Your copy should repeat the data that follows exactly and contain no image.

***** RECORDS SUPPLIED *****

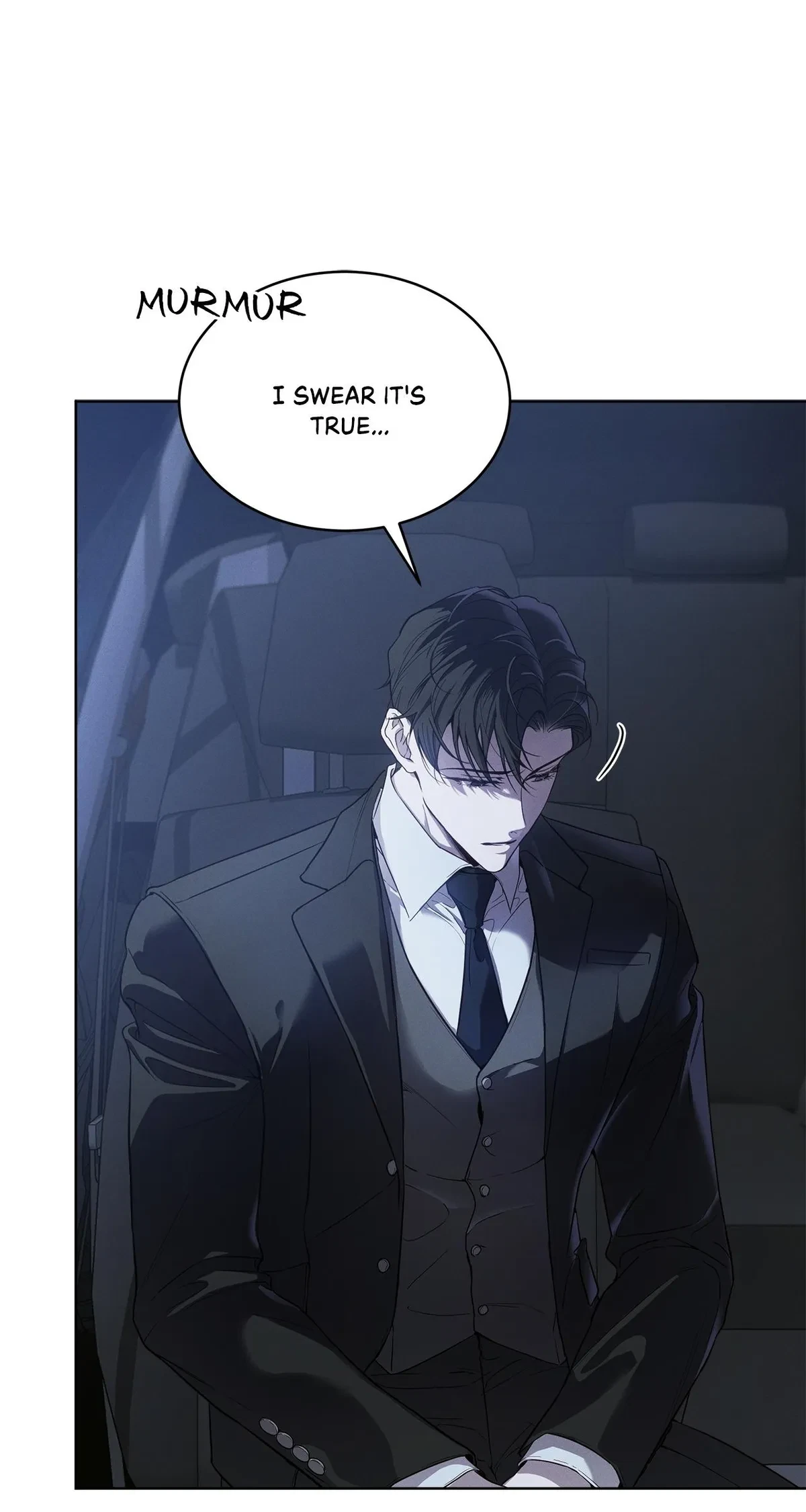 Chapter 29, page 43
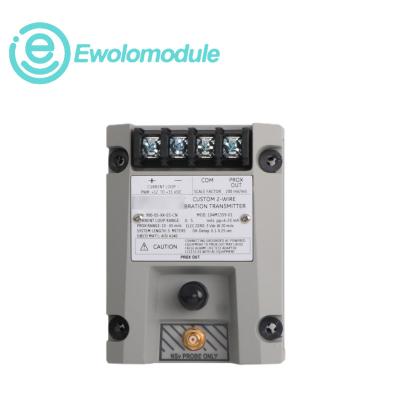 990-05-XX-03-01 MOD:168251-01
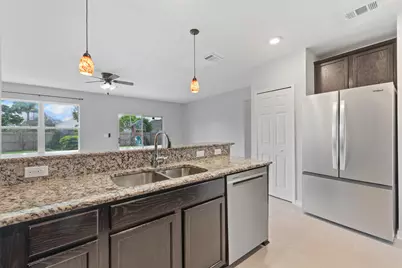 770 SW Saragossa Avenue, Port Saint Lucie, FL 34953 - Photo 13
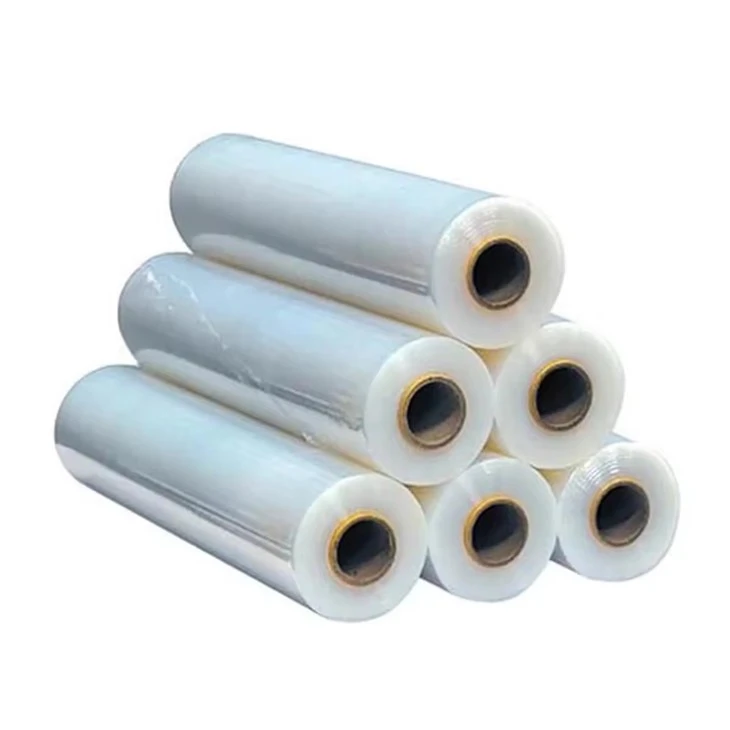 LDPE Shrink Wrap suppliers LDPE Shrink Wrap suppliers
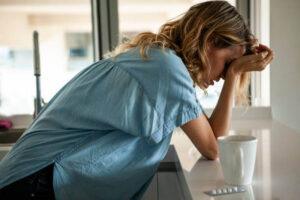 Does Wegovy Cause Headaches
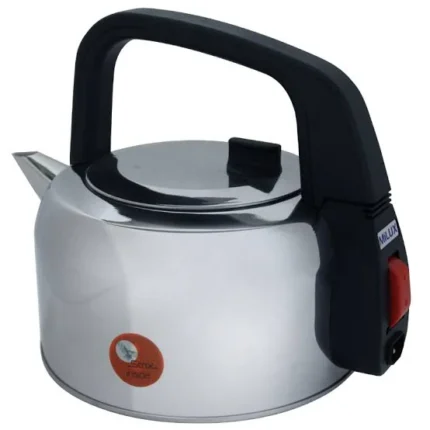 Milux Electric Kettle – MSK-49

*****

→ REPLY:
 Chapter 29, page 43
 990-05-XX-03-01 MOD:168251-01
 770 SW Saragossa Avenue, Port Saint Lucie, FL 34953 - Photo 13
 LDPE Shrink Wrap suppliers LDPE Shrink Wrap suppliers
 Does Wegovy Cause Headaches
 Milux Electric Kettle – MSK-49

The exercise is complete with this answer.